For this next bit we will use the chickweight dataset. This dataset contains information about different diets for chickens. The goal of the dataset is to find out which diet will get the chickens as fat as possible.
chickdf = pd.read_csv('http://koaning.s3-website-us-west-2.amazonaws.com/data/pydata/chickweight.csv')
chickdf.describe()
Imagine doing just that operation in excel.
The goal is to find out which diet causes the most weight gain for chickens, so let's group chickens per diet. You do this by creating a grouped object. This groups the dataframe to groups based on column values. This grouped
variable can be iterated over.
grouped = chickdf.groupby(chickdf.Diet)
for thing in grouped:
print thing
Each group still behaves like a dataframe, so we can also apply the describe function here.
grouped.describe()
We can use built in functions on our grouped objects, but we can also just apply our own functions. Note that these functions need to be able to be applied to a DataFrame object.
def show_size(x):
return "Dude we have " + str(len(x)) + " chickens here!"
grouped.apply(show_size)
Realize that this means that any function can be used here. You will want to think about performance when dealing with large datasets. This functionality is one of the things that make the pandas API very powerful.
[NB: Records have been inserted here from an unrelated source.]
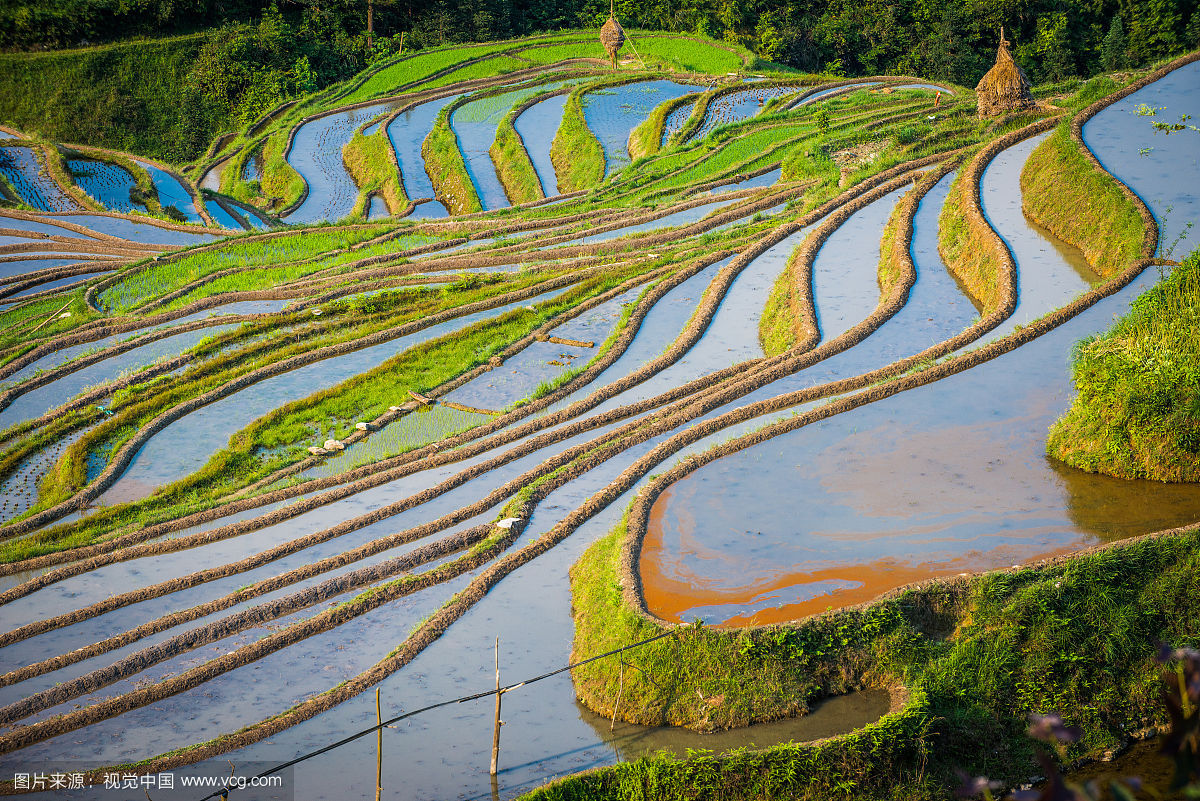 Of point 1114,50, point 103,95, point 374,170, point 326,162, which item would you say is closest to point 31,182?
point 326,162

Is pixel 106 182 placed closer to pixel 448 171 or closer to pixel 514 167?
pixel 448 171

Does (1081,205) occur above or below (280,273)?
above

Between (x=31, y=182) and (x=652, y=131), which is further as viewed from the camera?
(x=652, y=131)

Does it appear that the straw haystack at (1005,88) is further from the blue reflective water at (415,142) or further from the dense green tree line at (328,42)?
the dense green tree line at (328,42)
We can also created groups based on two columns in the table.
chickdf.groupby(['Diet','Time']).weight.apply(show_size)
You can also combine pandas with plotting tools like ggplot for fast interactive data exploration.
%pylab inline
ggplot(aes(x='Time', y='weight'), data=chickdf) + geom_point()
agg = chickdf.groupby(['Diet','Time']).weight.aggregate(mean)
agg = agg.reset_index()
agg
ggplot(aes(x='Time', y='weight', color="Diet"), data=agg) + geom_line()
But in all seriousness, you might want to start thinking about the ethics used in data.